Jin Enhao in Hangzhou always remembers the dishes that Shanmei cooks, so he sent someone to investigate Shanmei. Jin Enhao's men went to Jing Rong's room to look for her, but couldn't find Shanmei. Jin Enhao then flew from Hangzhou to Taiwan to find Shanmei. Jin Enhao then stepped between Shanmei and Frank. Frank's childhood lover Ye Kena (owner of the coffee shop where Shanmei and Frank are working part-time, played by Lu Xiaolin) also appeared and influenced the relationship between Frank and Shanmei. Jin Enhao's foster father was ill, so Jin Enhao managed the shopping mall that Shanmei is working for part-time instead of him.

After being fired from his job selling cars, Frank turned to working as a magician at bars with his childhood friend Da Tou to earn money.
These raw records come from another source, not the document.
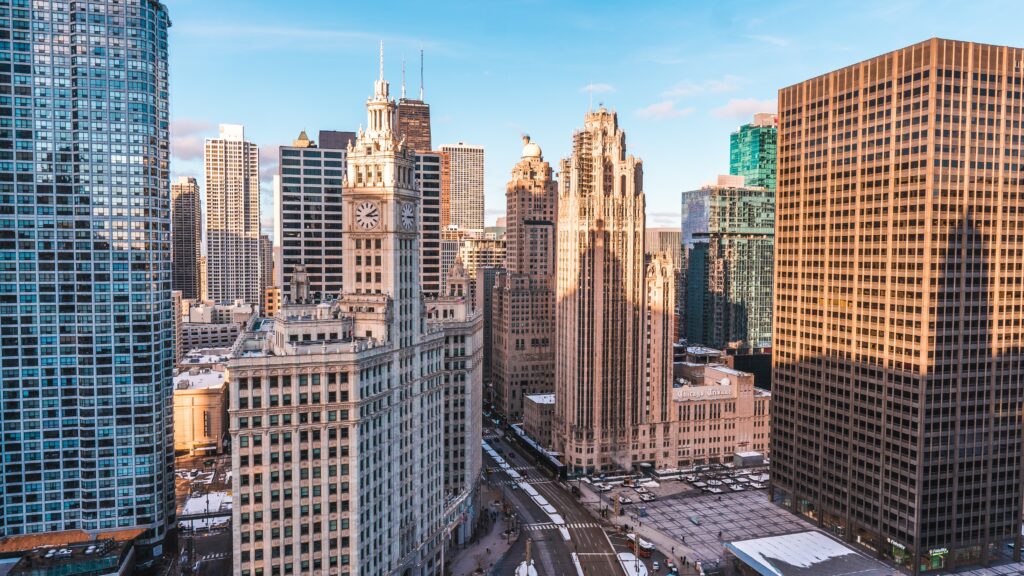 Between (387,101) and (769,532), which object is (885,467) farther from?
(387,101)

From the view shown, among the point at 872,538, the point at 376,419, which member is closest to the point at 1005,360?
the point at 872,538

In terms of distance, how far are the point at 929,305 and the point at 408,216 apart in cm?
10486

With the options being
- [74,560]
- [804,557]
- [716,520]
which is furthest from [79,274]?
[716,520]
Frank was conscious that he could not bring a good and happy life to Shanmei, so he had the intention of giving up and leaving Shanmei to Jin Enhao.
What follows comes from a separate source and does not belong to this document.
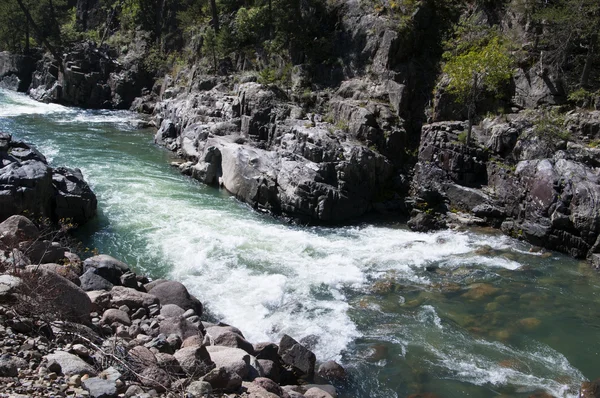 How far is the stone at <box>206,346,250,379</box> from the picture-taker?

After that, Frank not only ignored Shanmei's use of his ring to rent a house, he also borrowed money from the gangsters to help Shanmei's mother with heart surgery. Frank was arrested by the gangsters because he did not have the money to pay his debt. Shanmei goes to save Frank and is also captured. Both are about to be killed by the gangsters when Huang Linglong and A Xing fail to deliver the money on time. Thanks to Chen Wancai (a retired gangster with a dead wife whose face resembles Shanmei, played by Zhao Shun), Frank and Shanmei are saved.
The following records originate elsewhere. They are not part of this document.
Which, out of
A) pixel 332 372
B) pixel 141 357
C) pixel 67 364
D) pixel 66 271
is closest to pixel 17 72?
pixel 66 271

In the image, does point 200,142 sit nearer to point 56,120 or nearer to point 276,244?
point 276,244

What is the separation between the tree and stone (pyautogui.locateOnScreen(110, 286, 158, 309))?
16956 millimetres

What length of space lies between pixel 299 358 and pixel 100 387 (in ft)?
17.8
Shanmei then goes to Frank's hometown to help Frank and his grandmother reconcile. The two decided to leave the house they used to rent for more than 3 months. Frank then blessed Shanmei and Jin Enhao, and Shanmei blessed Frank and Ye Kena. The two bid each other farewell.

Since Ye Kena has switched to teaching dance to children, her coffee shop has closed. Shanmei had to return to being a bank employee like before. And Frank switched to working as a construction worker.

Several months passed, Shanmei met Ye Kena. Ye Kena said that she hasn't seen Frank for a long time and that Frank had feelings for Shanmei. Frank is then informed by the police that the fake owner of the house from the past has been arrested. His mother's gold ring was given to him by the police. Frank returned to the house he once rented with Shanmei and learned that the real owner of the house had returned from America. Frank spent money to rent that house to live with memories of Shanmei.

Six months later, Shanmei was marrying Jin Enhao when she ran out of the aisle looking for Frank. Wearing a bridal gown, Shanmei runs to the rented house she used to live with Frank and meets Frank again. The two looked at each other and called each other's names in happy tears.

==Cast==
- Joe Cheng as Frank / Cai Jinlai
- Ariel Lin as Zeng Shanmei
- Ray Chang as Jin Enhao
- Zhang Yuchen as Huang Linglong
- Huang Wen-hsing as himself
- Lu Xiaolin as Ye Kena
- Wu Jianfei as Jing Rong
- Zhang Na as Xiao Bo
- Kuo Tzu-chien as Zeng Huo-shu
- Lin Mei-hsiu as Zeng Huang Shuiliang
- Wang Yuetang as Zeng Xiaobei
- Yue Yaoli as Enhao's foster father
- Zhao Shun as Wan Ye (Chen Wancai)

==Production==
In July 2008, GTV announced that lead actress Barbie Shu will be replaced by Ariel Lin. GTV stated that the drama, which was scheduled to start shooting in August, had originally cast Lin for the role of Zeng Shanmei, hence it has now returned to the actress for whom it was originally intended.

==Music==
- Opening theme song: "億萬克拉的幸福" (Million Dollar Happiness) by Huang Wen-hsing
- Ending theme song: "麵包的滋味" (The Taste of Bread) by Ariel Lin
- Insert songs
- "If I Could" by Babyface
- "歐兜水" by Huang Wen-hsing

==International broadcast==
- Hong Kong - TVB, from February 7, 2009, every day 22:00 (full version of this drama with 25 episodes).
- China - Hunan TV, from February 11, 2009, every day 22:00 (full version of this drama with 25 episodes).
- Philippines – ABS-CBN, from June 15, 2009, every Monday to Friday 17:15.
- Japan – Television Kanagawa, Metele, Shizuoka Asahi Television, BS Japan
- Thailand – Channel 7, from August 27, 2013, every Monday to Thursday 03:50.